この『動乱』においては、昭和7年〜昭和11年ぐらいまでの混乱の世を生き抜く、せつない男女の姿が描かれていますが、二・二六事件はあくまでも、その時代背景であって、事件そのものがメインテーマではないような気がしました。事件の当日(昭和11年2月26日)の、午前4時ぐらいから、分刻みでテロップが流れますが、説明の範疇でした。先に『226』を見たので、歴史的なおさらいとして把握することはできましたが、事件に至るまでの経緯などは、やはり、よくわかりませんでした。
メロドラマといえばメロドラマなのかもしれませんが、夫婦になってからも、2人の間には、常にストイックな壁みたいなものがありました。
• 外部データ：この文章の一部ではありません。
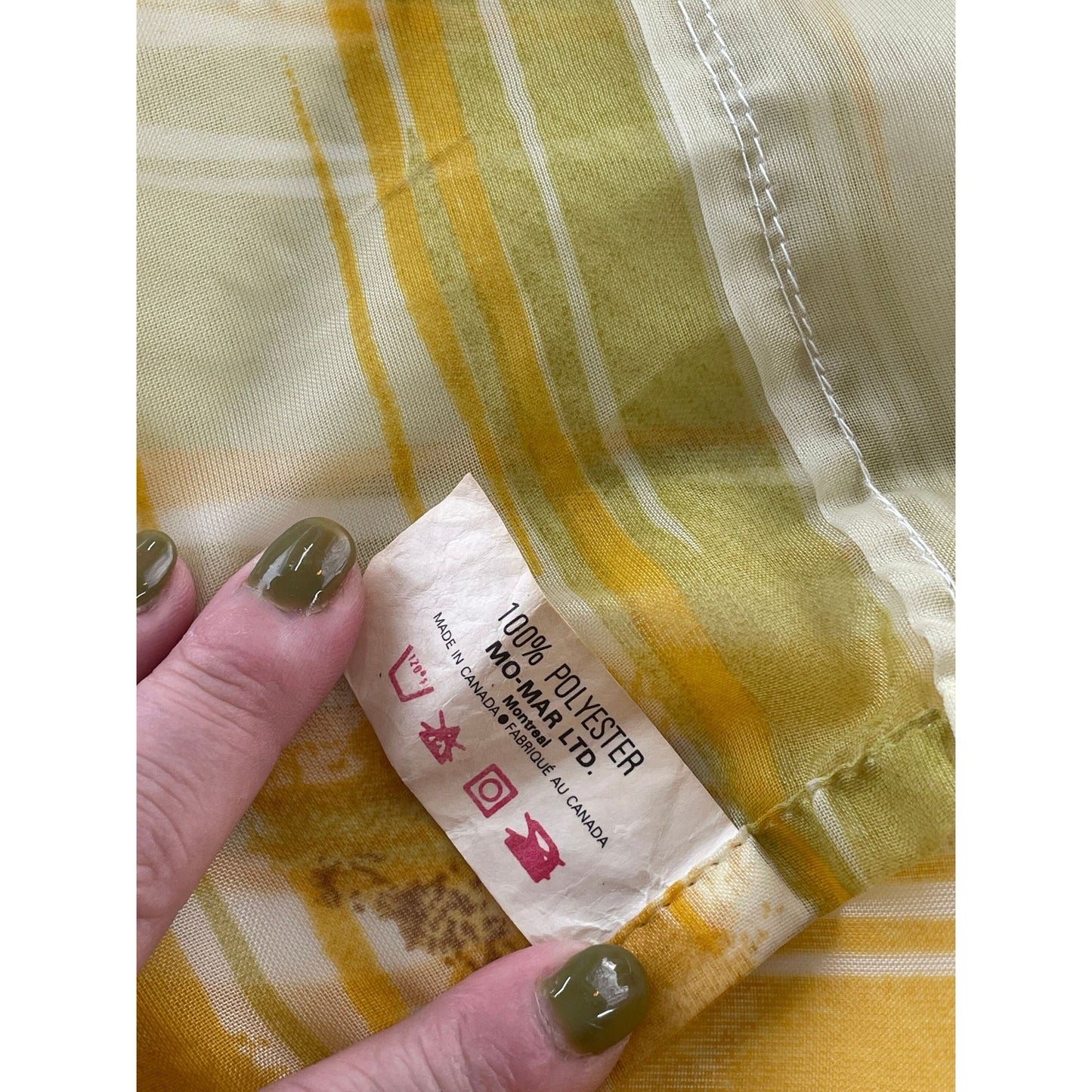 Vintage 70s curtains, green orange forest pattern, pair sheer panels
枕を一つ置いた寝床は、2人は一緒には眠っていないのだなと思わせるんだけれども、宮城は「妻」と言っている、けれども、戸籍は入っていないんだな……と。暗い時代背景に合わせたように、成就できない男女の行く末が重くのしかかってきます。「そばにいて欲しいんです」という言葉が印象的でした。女性にとっては、ある意味残酷ですね。でも、健さんだからかっこいい台詞でした。
青年将校たちは、それぞれ仮名のようでした。高倉健演じる宮城大尉は、安藤大尉だと思っていたのですが、磯部浅一がモデルになっていたようです。磯部浅一といえば、将校の中でも最後の最後まで呪いをはき続けて、獄中でも日記を書き、そこには天皇陛下に罵詈雑言を投げかけていたとも言われています。(最近得た浅知識ですが)寡黙で感情を抑えた高倉健の演技はよかったと思いますが、磯部のイメージとはちょっと違っていたような気がします。
二・二六事件ということを考えれば、青年将校たちの決起を肯定的に描くわけにもいかないし、映画が右寄りになっても難しいので、限界があるのかなと思ってしまいました。文学にゆだねて、三島由紀夫の『憂国』もしくは『英霊の聲』を読んだ方がいいのかも(大昔の若い時に読みかけて、難しくて挫折してしまいましたが)。
1954年の映画『叛乱』、これも二・二六事件のものらしいです。レンタル屋で探してこうようかな。